Meta’s Oversight Board has determined that two widely shared videos on Facebook and Instagram disparaging transgender women do not constitute hate speech, members of the board wrote in a decision this week.
A five-member panel of the Board — created in 2020 as an independent body to handle appeals of Meta’s content moderation decisions — upheld Meta’s decision last year to allow two videos on their platforms that expressed hostility to trans people, the panel ruled on Wednesday.
Them has not reviewed the videos in question individually, but one video posted to Facebook, which reportedly showed a trans college student being accosted in a campus women’s bathroom, closely matches details of a May 2024 video by anti-trans campaigner Peyton McNabb. The other, posted to Instagram, reportedly showed a trans high school athlete (a minor) winning a track and field event, along with disapproving shouts from onlookers, per the decision. The videos’ captions misgendered the trans people depicted as a “male student who thinks he’s a girl” and a “boy who thinks he’s a girl” respectively. The caption for the second video also names the minor, according to the decision.
The Board panel found that neither video violated Meta’s current policies on “hateful conduct,” to which the company made significant changes in January, allowing users far more latitude specifically to disparage trans people as “freaks,” mentally ill in general, and/or “not real.” A majority of the panel also ruled that the videos would not have violated Meta’s previous rules. The panel did note that their decision was not changed as a result of the January updates, though they took both sets of rules “into account” during the process.

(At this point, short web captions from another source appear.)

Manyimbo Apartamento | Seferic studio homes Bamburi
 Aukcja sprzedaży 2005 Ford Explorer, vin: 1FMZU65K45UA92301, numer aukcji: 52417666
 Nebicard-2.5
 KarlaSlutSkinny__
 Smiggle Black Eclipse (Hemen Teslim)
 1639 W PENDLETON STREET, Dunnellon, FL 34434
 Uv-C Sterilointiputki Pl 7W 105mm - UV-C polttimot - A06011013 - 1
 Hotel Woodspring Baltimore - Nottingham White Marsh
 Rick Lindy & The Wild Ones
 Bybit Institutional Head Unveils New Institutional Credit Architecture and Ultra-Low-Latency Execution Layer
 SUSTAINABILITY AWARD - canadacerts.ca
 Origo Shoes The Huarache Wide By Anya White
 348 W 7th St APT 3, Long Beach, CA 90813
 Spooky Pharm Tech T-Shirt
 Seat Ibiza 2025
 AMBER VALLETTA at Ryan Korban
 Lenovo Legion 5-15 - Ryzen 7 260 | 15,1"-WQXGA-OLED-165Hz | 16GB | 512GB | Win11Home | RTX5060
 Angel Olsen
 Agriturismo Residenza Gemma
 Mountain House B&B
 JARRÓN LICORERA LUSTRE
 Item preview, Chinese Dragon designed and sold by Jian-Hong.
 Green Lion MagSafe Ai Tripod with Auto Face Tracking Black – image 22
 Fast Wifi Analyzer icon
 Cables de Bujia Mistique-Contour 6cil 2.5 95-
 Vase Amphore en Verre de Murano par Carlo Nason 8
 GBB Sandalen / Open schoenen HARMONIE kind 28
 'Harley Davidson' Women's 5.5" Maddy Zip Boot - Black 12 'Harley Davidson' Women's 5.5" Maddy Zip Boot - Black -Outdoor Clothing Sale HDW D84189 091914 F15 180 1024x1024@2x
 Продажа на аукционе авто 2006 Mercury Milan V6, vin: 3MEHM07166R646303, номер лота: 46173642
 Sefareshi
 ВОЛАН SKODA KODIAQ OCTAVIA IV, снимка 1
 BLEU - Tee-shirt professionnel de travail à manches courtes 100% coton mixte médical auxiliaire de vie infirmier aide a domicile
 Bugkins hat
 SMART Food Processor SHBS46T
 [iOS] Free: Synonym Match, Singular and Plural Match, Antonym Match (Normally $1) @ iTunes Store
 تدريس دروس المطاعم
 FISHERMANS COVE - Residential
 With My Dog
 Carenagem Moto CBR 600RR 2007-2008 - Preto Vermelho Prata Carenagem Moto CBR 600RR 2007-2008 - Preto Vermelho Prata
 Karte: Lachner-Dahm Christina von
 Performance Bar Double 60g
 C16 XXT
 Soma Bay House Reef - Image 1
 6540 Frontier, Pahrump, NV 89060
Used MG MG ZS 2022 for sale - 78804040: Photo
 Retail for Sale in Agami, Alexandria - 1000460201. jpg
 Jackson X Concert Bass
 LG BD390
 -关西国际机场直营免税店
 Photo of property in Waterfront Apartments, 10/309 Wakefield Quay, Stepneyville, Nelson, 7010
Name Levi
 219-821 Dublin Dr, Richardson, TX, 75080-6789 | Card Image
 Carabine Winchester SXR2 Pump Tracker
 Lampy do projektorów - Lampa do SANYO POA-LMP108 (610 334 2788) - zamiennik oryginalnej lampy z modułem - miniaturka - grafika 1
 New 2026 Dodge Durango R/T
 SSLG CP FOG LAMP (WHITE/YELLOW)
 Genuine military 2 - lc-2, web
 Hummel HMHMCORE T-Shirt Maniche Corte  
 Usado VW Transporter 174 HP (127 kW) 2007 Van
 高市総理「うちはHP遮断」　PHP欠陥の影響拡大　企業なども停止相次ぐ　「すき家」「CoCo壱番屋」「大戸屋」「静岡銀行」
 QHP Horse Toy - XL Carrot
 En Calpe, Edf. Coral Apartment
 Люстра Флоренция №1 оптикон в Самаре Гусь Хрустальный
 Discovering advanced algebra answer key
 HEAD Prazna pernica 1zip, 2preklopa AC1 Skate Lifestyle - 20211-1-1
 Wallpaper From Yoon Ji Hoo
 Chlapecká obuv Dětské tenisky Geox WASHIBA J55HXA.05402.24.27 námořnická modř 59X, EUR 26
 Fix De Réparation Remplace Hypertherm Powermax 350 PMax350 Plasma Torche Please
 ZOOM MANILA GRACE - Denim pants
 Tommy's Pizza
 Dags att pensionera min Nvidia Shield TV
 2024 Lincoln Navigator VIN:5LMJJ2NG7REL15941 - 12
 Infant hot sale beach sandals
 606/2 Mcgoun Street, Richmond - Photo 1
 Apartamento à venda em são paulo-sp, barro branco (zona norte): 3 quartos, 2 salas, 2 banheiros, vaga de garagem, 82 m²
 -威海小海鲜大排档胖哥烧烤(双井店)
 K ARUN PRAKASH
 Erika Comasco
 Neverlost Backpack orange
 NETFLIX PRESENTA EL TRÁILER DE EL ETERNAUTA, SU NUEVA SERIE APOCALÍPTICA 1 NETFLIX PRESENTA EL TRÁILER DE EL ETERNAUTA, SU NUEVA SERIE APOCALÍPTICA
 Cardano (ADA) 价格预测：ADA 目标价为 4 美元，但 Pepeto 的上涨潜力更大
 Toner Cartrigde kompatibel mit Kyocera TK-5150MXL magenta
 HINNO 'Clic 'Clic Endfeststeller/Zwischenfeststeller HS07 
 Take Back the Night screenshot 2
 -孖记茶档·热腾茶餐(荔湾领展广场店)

“The Board notes that public debate on policy issues around the rights of transgender people and inclusion must be permissible,” the decision — titled “Gender Identity Debate Videos” — reads in part. “The majority of the Board finds that neither post creates a likely or imminent risk of incitement to violence, so there is an insufficient causal connection between restricting these posts and preventing harm to transgender people. This also means that there is no affirmative responsibility for Meta to prohibit these posts.”